毎日の新聞記事からわが国の教育にまつわる思いを綴る。

思う壺?

2023-08-24 08:52:15 | 我が国の教育行政と学校の抱える問題

「術中にはまる?」8月20日
 オピニオン編集部専門記者鈴木英生氏が、『小泉悠さんと小田実の平和主義』という表題でコラムを書かれていました。その中に、『ウクライナから逃げてきた若い男性と出会い、「逃げられてよかった」と思った。ウクライナは18~60歳の男性の出国を禁止しているが、「国家の強制から逃れる自由は、やはり大切です」』という記述がありました。
 考え込んでしまいました。外国から理不尽な侵略を受けた、闘わなければ国が占領され、文化も歴史も思想も価値観も破壊され、自由はなく、支配された下層民として一生を過ごさなければならない、という状況下にあるとき、政府は徴兵制を敷きます。しかし、殺すのも殺されるのも嫌だということで、外国に逃れます。
 私はこうした徴兵逃れを肯定する立場でした。私は老年で兵役につくことはないでしょうが、我が子が「兵隊になるのは嫌だ。外国に逃げる」と言い出したとしたら、それを後押しするでしょう。それどころか、積極的に「逃げろ」というかもしれません。ですから、上述の「強制から逃れる自由」発言にも共感します。
 今まで、私の考えは、その時点でストップしていました。しかし、ウクライナ侵攻を目の当たりにして、その一歩先を考えるようになりました。

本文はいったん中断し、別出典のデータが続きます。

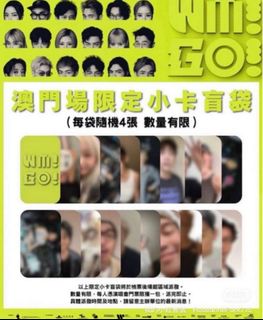 （分類：）位於 。 由 oukimiuo 提交（商品編號 1384511160，圖片 1）。簡介： 。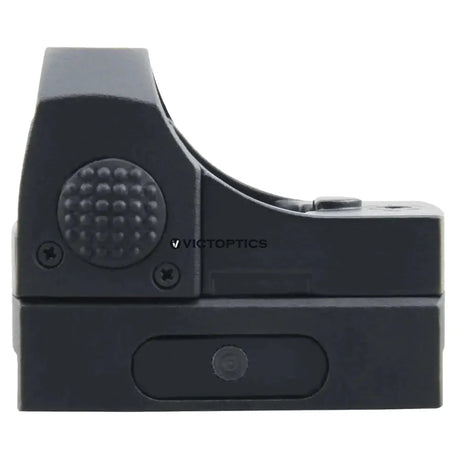 VictOptics V3 1x17x22 colimator - Ubitzu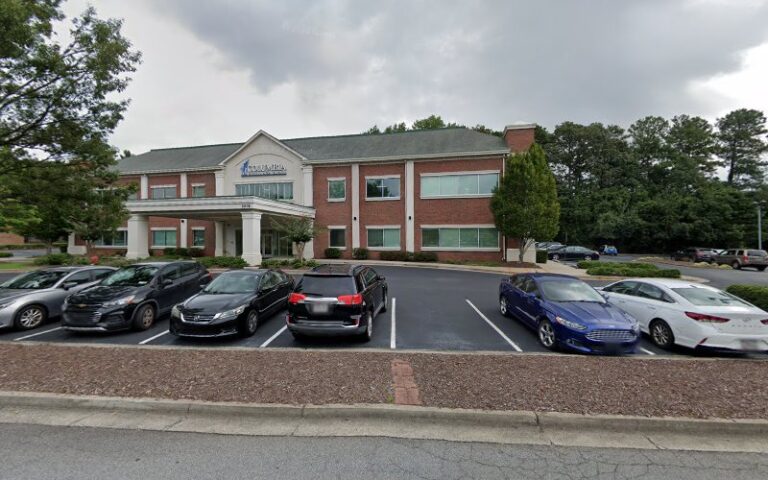 388027 shah legal group llc 768x480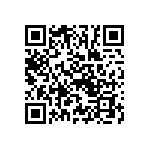 RC28F640J3F75A QRCode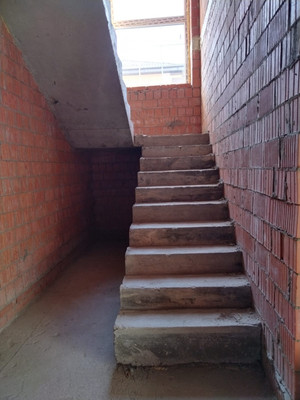 Продам коттедж, Фонд гск, Королев г, 0 км от города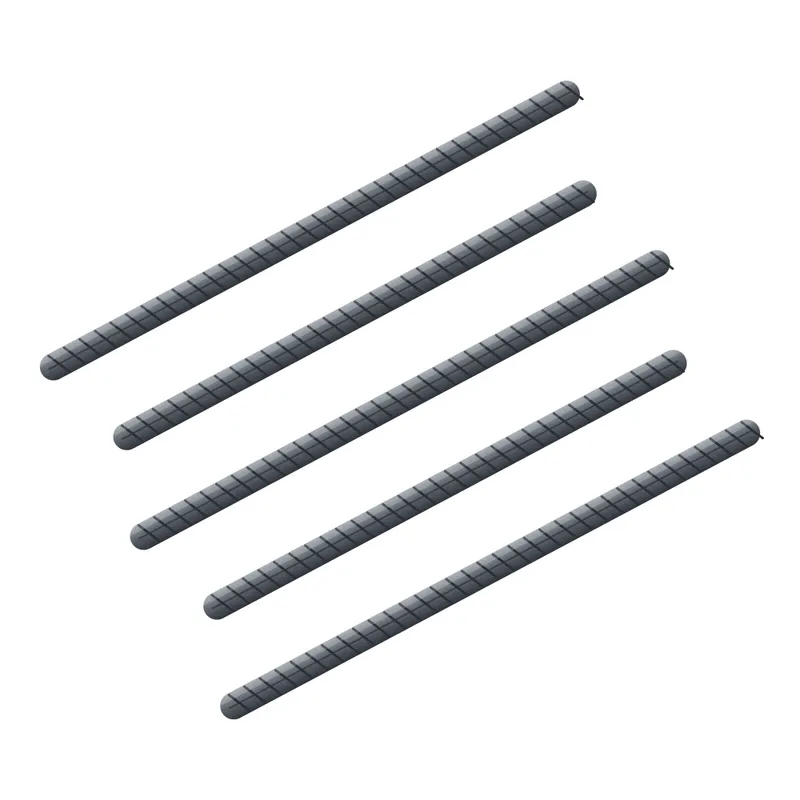 Dhanlaxmi TMT Steel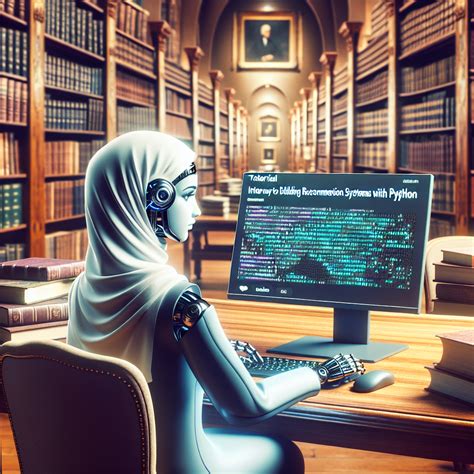 Image result for Python Web API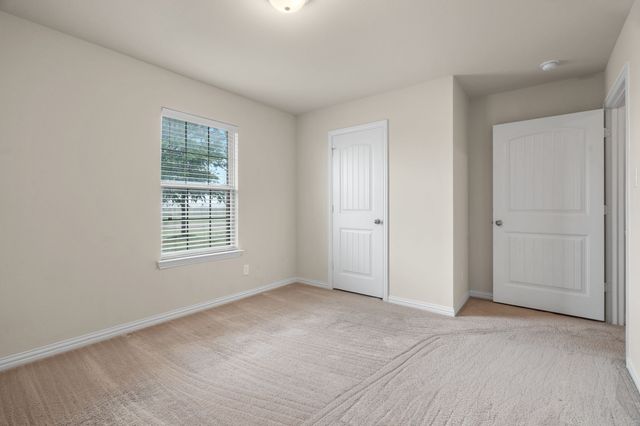 7207 Veal Station Road, Weatherford, TX 76085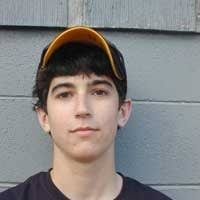 Will Dismukes' Autauga Academy Bio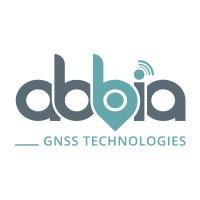 ABBIA GNSS Technologies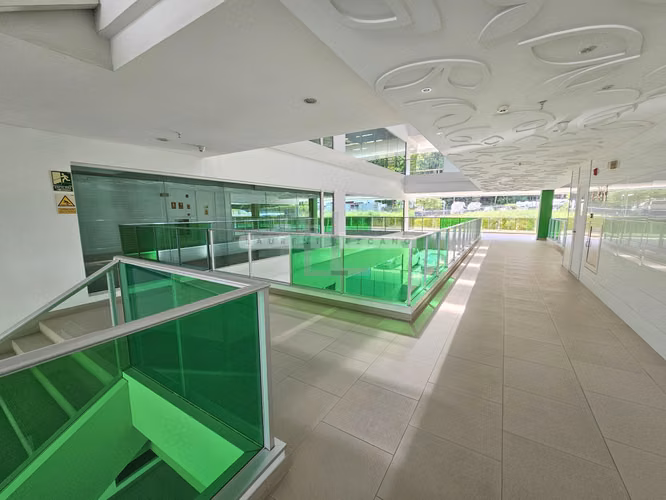 Venta de Local Comercial/ Oficina en Terrazas de Albrook - Haga una oferta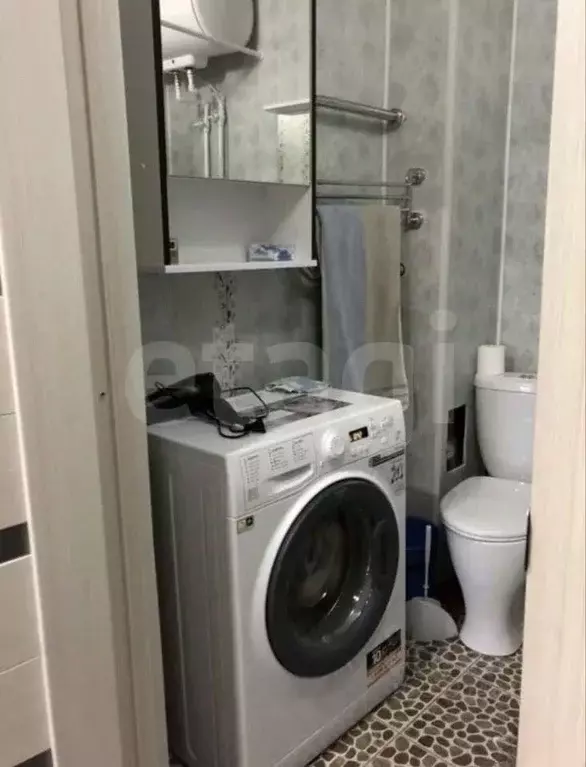 Студия Удмуртия, Ижевск ул. Герцена, 8к1 (35.0 м) - Фото 1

もし、兵役を逃れて外国に逃げていた者が、祖国が無事侵略者を打ち破り、再び国に平和が訪れたときに戻ってきたとして、自分が、家族が戦い、傷つき、あるいは亡くなってしまった人たちは、逃げた者を仲間として受け入れることができるのだろうか、という疑問が浮かんできたのです。
 裏切者、卑怯者、臆病者という罵詈雑言が浴びせられるのではないでしょうか。あるいは、私自身が国内にとどまっていた側だったとして、そうした悪罵を口にするのではないでしょうか。さらに言えば、兵役逃れをした者に対して、裏切者と叫ぶことはいけないことなのでしょうか。自然な感情の発露なのではないでしょうか。国内にとどまり、苦境を耐えた者たちには、「裏切者」を非難する権利があるのではないでしょうか。そんなことさえ考えてしまいます。
 戦争と平和について考えるとは、こうしたことについて自分事として考えるということなのだと思います。中高生になれば、このテーマで議論し合うことができるはずです。若い人にとっては自分事である、徴兵と兵役逃れ問題、多くの学校で取り組んでみてほしいと思います。
 でも、こうした取り組みをすること自体、「極右の連中」の術中にはまることなのかも、という懸念も抱いてしまうのですが。